Hello,
I am noticing differences in predicted transcripts at test time vs using the inference utilities with the same model
and scorer
.
For example. At the end of test time I get the report of Test WER
and CER
. It also displays the best WER, median WER and worst WER. It also displays some example files.
WER: 1.500000, CER: 1.500000, loss: 564.514343
- wav: file:////tmp/external/atc_data/020918LIVE_NonStop_KDAB_CLEARANCE_GROUND_Daytona_Beach_FL_Tower_Communication.mp3_chunk003.mp3_split_files/audio_segment_615.wav
- src: "riddle four forty four maintain at or below three thousand"

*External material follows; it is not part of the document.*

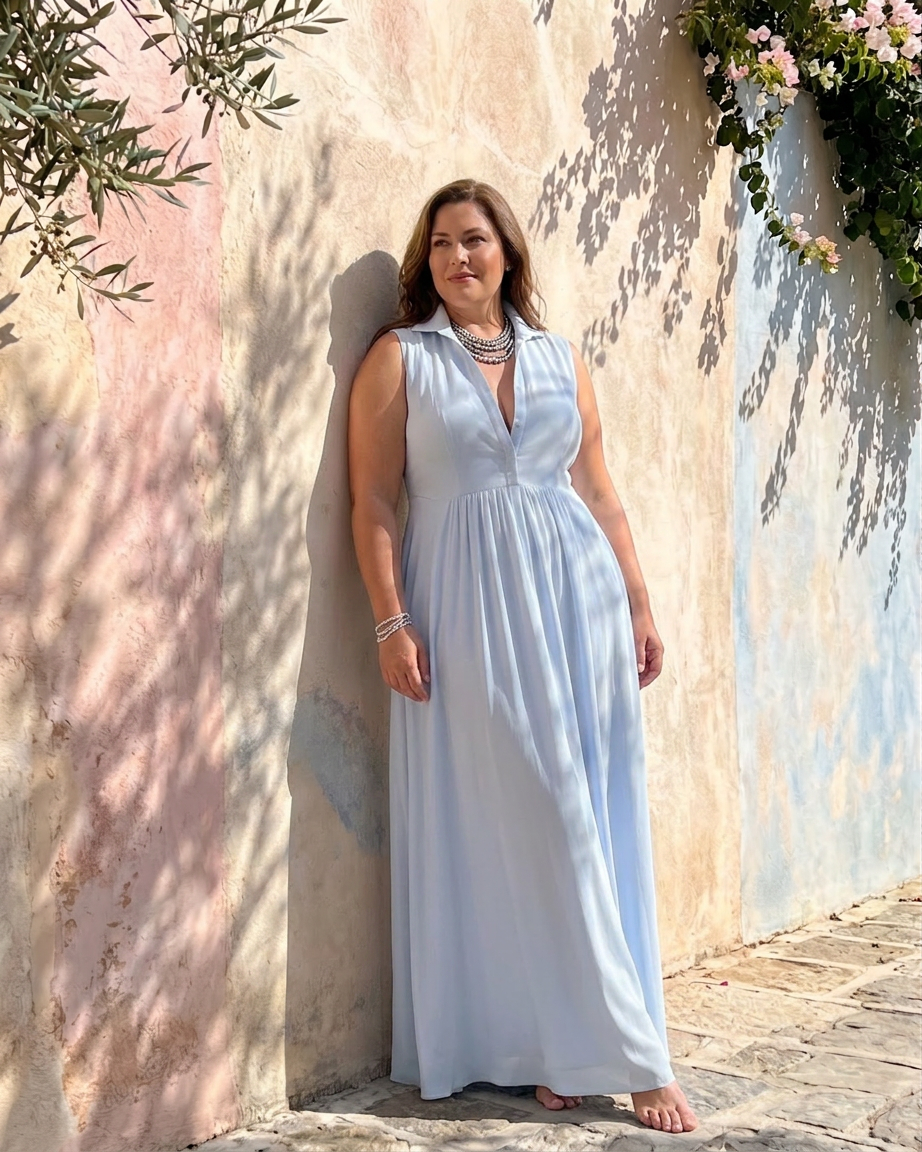 Adeline | Uten ermer Krage Flowing Bred Beina Jumpsuit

- res: "one four daytona clearance maintain vfr at or below three thousand departure frequency one two five point squack four two four one"
Now running the client.py
tool with the model.pbmm
that was produced in the above training and the same scorer that was used in the --scorer_path
training argument. Also, leaving beam_width
and lm_alpha
and lm_beta
as their defaults from the model and scorer respectively I receive different results:
Loading model from file ..\data\external\model_storage\atc_model_8_10_2020_30epochs_v9.pbmm
TensorFlow: v1.15.0-24-gceb46aae58
DeepSpeech: v0.7.4-0-gfcd9563f
2020-08-11 12:10:06.577643: I tensorflow/core/platform/cpu_feature_guard.cc:142] Your CPU supports instructions that this TensorFlow binary was not compiled to use: AVX2
Loaded model in 0.0574s.
Loading scorer from files ..\data\external\scorer_storage\new_kenlm_atc_order6_topk1500.scorer
Loaded scorer in 0.0116s.
Running inference.
in we four daytona clearance maintain vfr at or below three thousand departure frequency one two five point it squack four two four one
Why is the result from inference different than what is produced at Test time? Is there a variation of results from the inference tool vs the results at the end of testing due to beam_width
hyperparameter, etc? I am viewing the inference tool as my final assessment of each model I train (I have an edited client version that gives me WER and CER as it infers) but I want to understand these differences so I can ultimately assess my model with the true WER and CER.
Thanks!